- Abbreviation: LIP
- President: Simarjit Singh Bains
- Chairman: Balwinder Singh Bains
- Founded: 28 October 2016 (9 years, 297 days ago)
- Merged into: Indian National Congress
- Alliance: AAP (2016-2018); PDA (2018-2022);
- Seats in Rajya Sabha: 0 / 245
- Seats in Lok Sabha: 0/543
- Seats in Punjab Legislative Assembly: 0 / 117

= Lok Insaaf Party =

Lok Insaaf Party (LIP; ) was founded in 2016 by Simarjit Singh Bains.
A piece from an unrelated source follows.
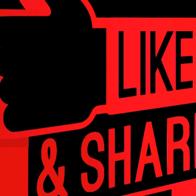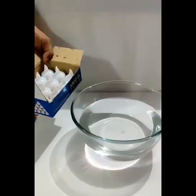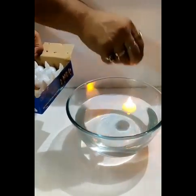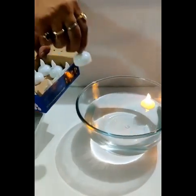Subscribe to the channel, friends. This is also a water sensor light — it's a different color. This is also a different product.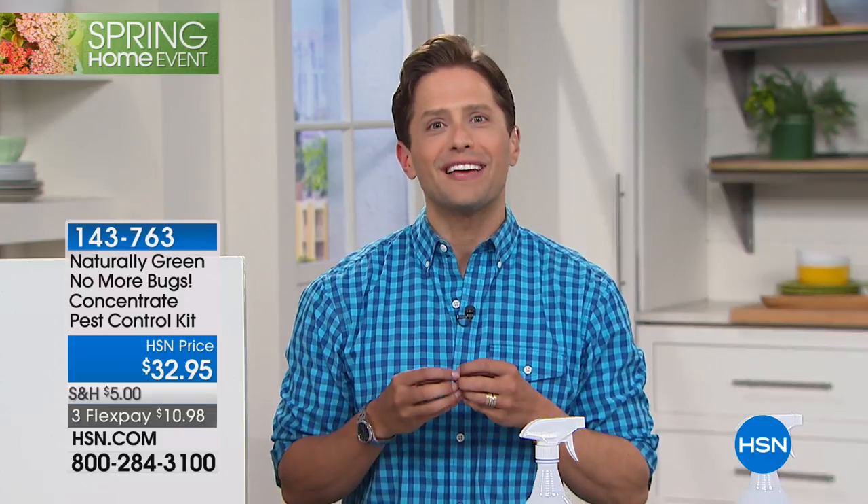What if I told you there was an all-natural effective bug repellent? A product that was completely and totally free of DEET and other harmful chemicals for you, for your children, that actually really did repel the bugs. Well, there is, and we offer it exclusively here at HSN.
It contested 2017 Punjab Legislative Assembly election on five seats in alliance with Aam Aadmi Party. In 2022 Punjab Legislative Assembly election it failed to win any seats.

==2017 Punjab assembly election==
LIP contested 2017 Punjab assembly election on five seats. It formed coalition with Aam Aadmi Party. Party able to get only two seats out of five. It got 26.46% votes in five seats but 1.22% overall votes. Simarjit Singh Bains won Atam Nagar Assembly Constituency and Balwinder Singh Bains won the Ludhiana South Assembly Constituency.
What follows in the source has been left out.